Items listed in a dataset:
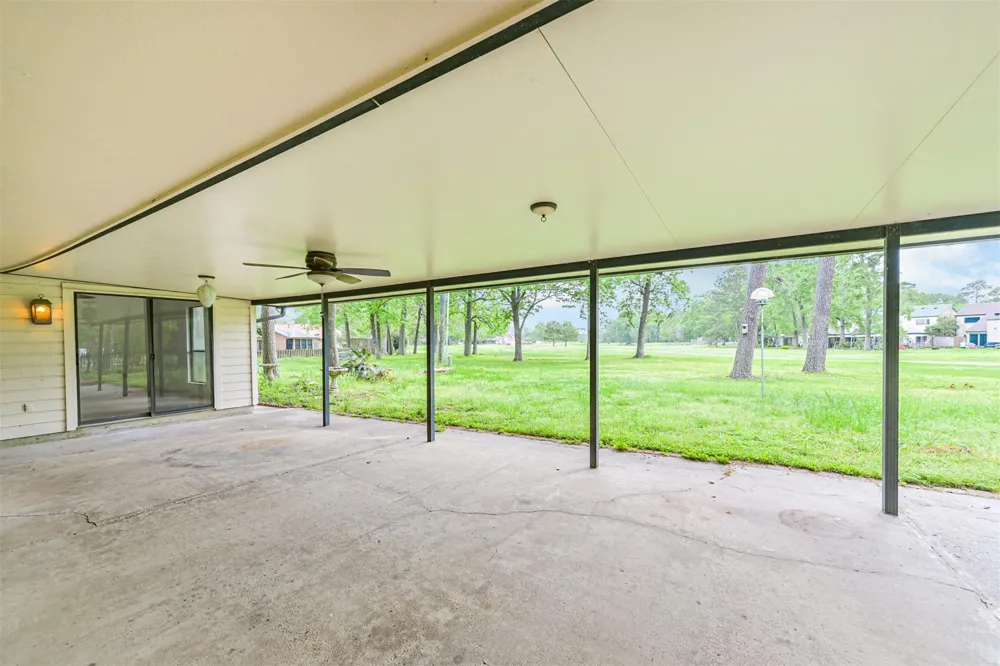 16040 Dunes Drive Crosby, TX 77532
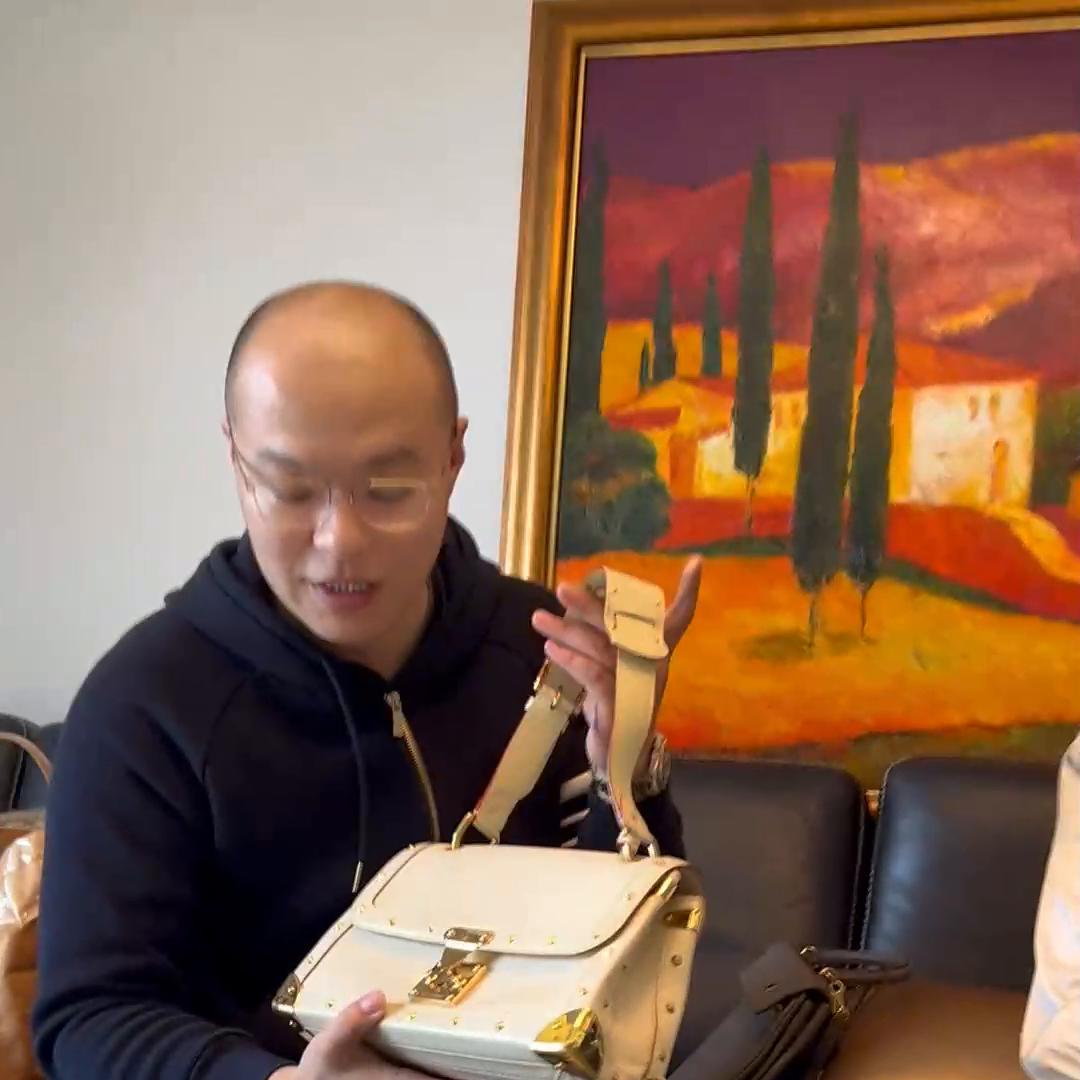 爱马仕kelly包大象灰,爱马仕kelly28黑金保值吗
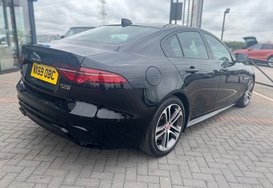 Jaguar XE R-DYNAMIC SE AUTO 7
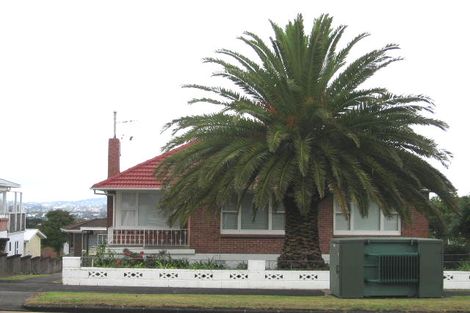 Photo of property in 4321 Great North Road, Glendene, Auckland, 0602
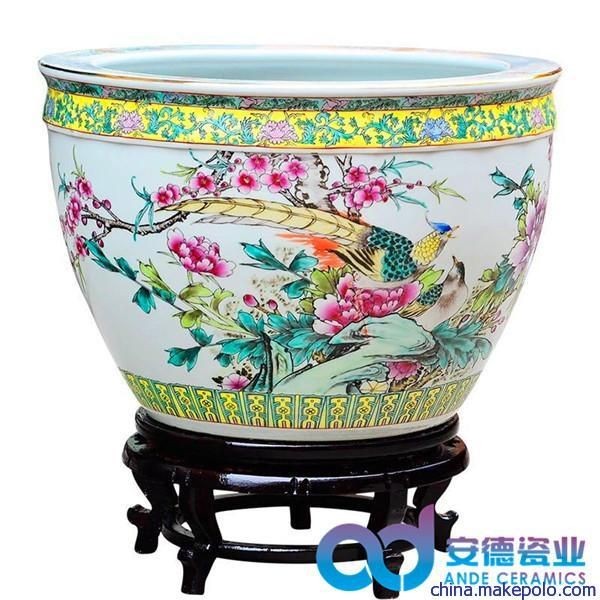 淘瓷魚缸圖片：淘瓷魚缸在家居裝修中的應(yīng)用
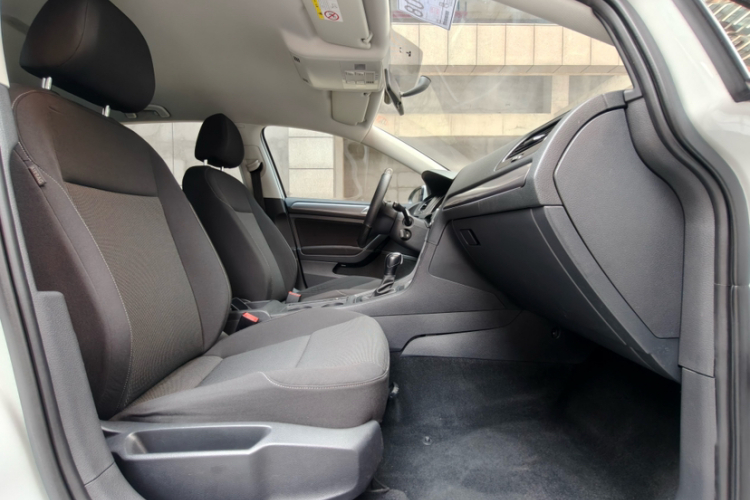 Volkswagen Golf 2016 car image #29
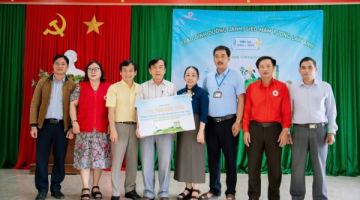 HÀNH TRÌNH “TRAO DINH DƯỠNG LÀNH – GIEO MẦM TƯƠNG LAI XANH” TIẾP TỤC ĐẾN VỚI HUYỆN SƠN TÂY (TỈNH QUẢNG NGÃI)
* * *
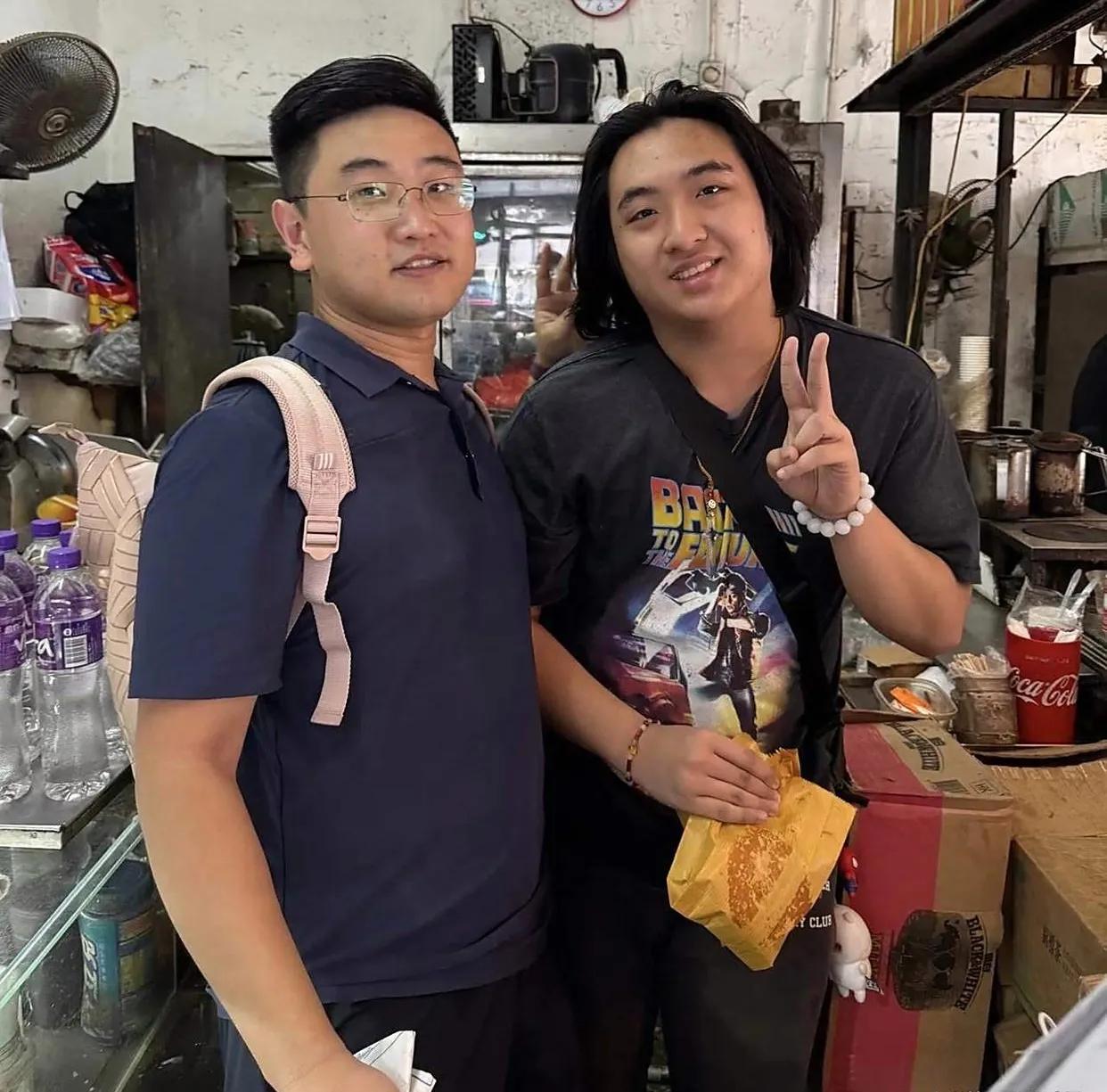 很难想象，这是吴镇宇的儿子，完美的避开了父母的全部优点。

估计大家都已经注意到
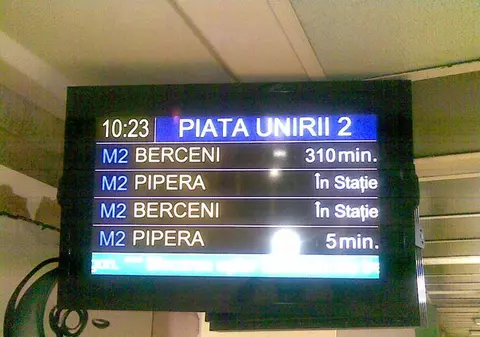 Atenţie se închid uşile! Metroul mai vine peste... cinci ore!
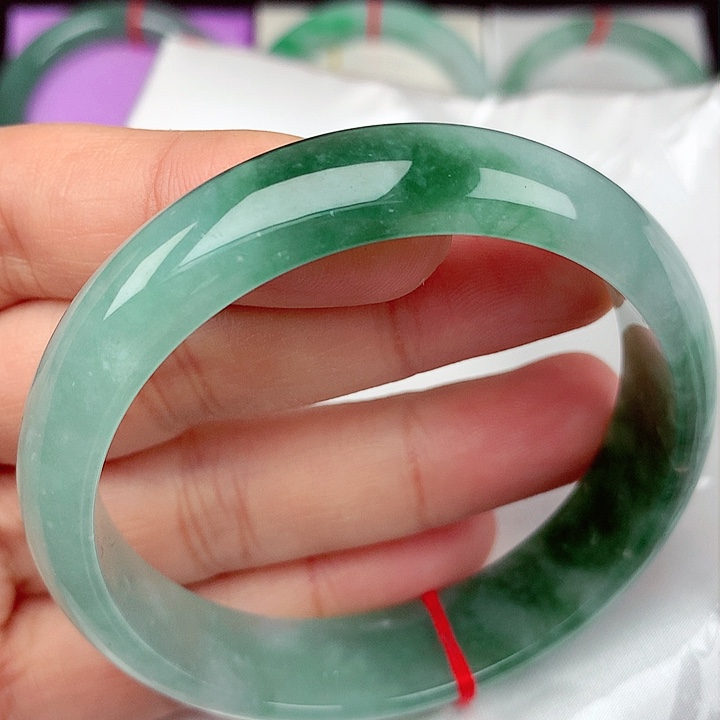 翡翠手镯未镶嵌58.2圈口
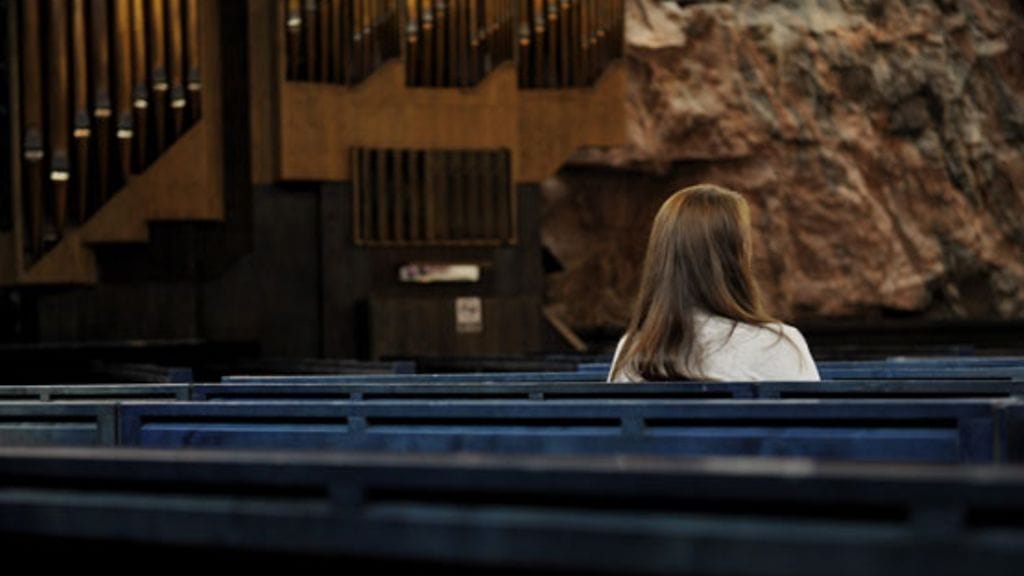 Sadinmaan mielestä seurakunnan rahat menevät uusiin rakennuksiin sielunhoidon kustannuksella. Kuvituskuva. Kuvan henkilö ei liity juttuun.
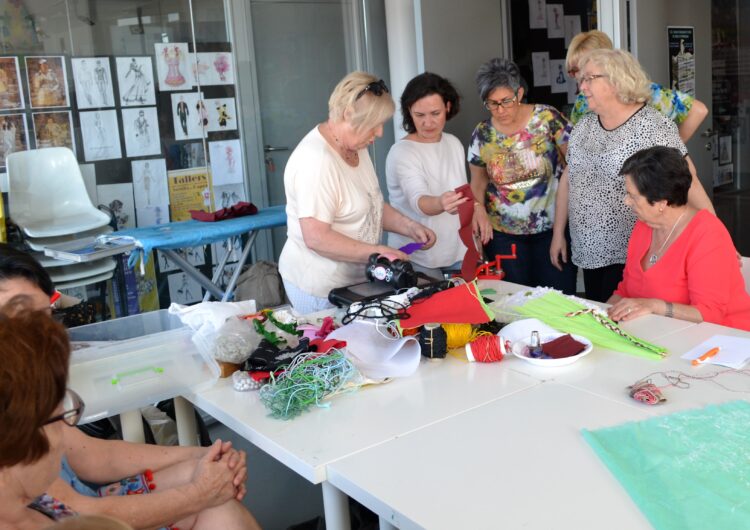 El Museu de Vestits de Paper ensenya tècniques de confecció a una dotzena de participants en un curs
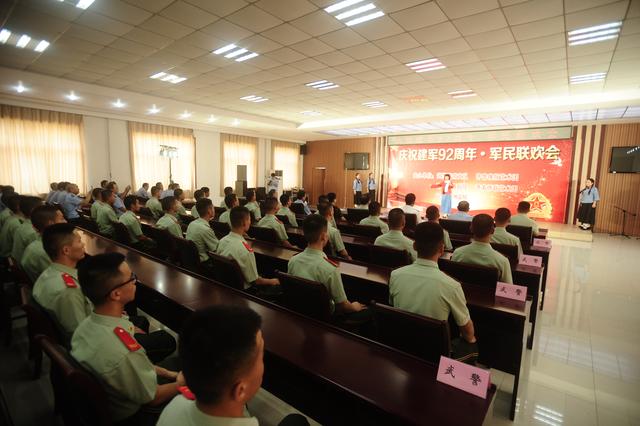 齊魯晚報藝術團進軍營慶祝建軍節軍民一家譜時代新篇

# YOUR OBJECTIVE
Begin at the line in the entries above that has "16040 Dunes Drive Crosby, TX 77532", stop after the line that has "(TỈNH QUẢNG NGÃI)", and output exactly those lines without pictures.

# EXPECTED ANSWER
 16040 Dunes Drive Crosby, TX 77532
 爱马仕kelly包大象灰,爱马仕kelly28黑金保值吗
 Jaguar XE R-DYNAMIC SE AUTO 7
 Photo of property in 4321 Great North Road, Glendene, Auckland, 0602
 淘瓷魚缸圖片：淘瓷魚缸在家居裝修中的應(yīng)用
 Volkswagen Golf 2016 car image #29
 HÀNH TRÌNH “TRAO DINH DƯỠNG LÀNH – GIEO MẦM TƯƠNG LAI XANH” TIẾP TỤC ĐẾN VỚI HUYỆN SƠN TÂY (TỈNH QUẢNG NGÃI)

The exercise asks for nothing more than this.